Second, the plaintiff was in default under the deed of trust for not paying the 1979 real property taxes. G.S. 105-360 provides that real property taxes are due in September of the fiscal year in which they were levied. Although the deed of trust was not printed in the record on appeal, we accept the admission on oral argument by both counsel that failure to pay real property taxes is default that allows the defendant Mason to institute foreclosure proceedings.

Third, the terms of the agreement require the defendant Mason to release the encumbered property “at the time of sale.” Delivery of offer to purchase forms is not sufficient to meet this requirement.

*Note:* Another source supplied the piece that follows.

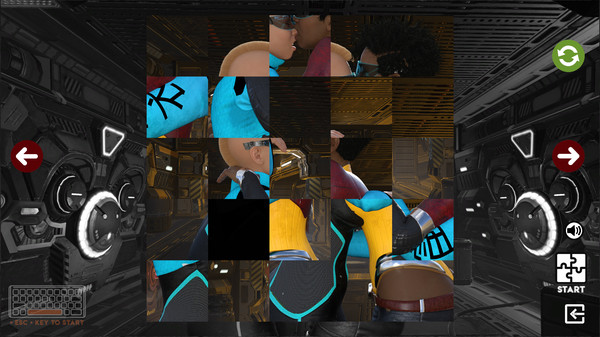 Screenshot z Two Hot Chicks: an Erotica Porn Space Orgy!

In addition, five of the six offers to purchase in the record required seller financing by the plaintiff. This would be a breach of the settlement agreement, which provides that any net proceeds from the sale of encumbered property must first be used to pay the debt to the Bank of North Carolina and then applied to the *715$90,000 debt to Mason. The net proceeds would not be available in a sale in which the plaintiff was financing part of the purchase price.

Finally, the plaintiff argues that because the agreement was executed under seal that the defendants’ counterclaim cannot be allowed on a failure of consideration theory. It is true that a contract under seal in North Carolina imports consideration to support that contract. See, e.g., Mobil Oil Corp. v. Wolfe, 297 N.C. 36, 252 S.E. 2d 809 (1979). But the defendants were properly given summary judgment because the plaintiffs default was a breach of the agreement which entitled the defendants to a grant of their motion.

For these reasons, we affirm the trial judge’s grant of the defendants’ summary judgment motion and denial of the plaintiffs summary judgment motion.


Chief Judge VAUGHN and Judge Hedrick concur.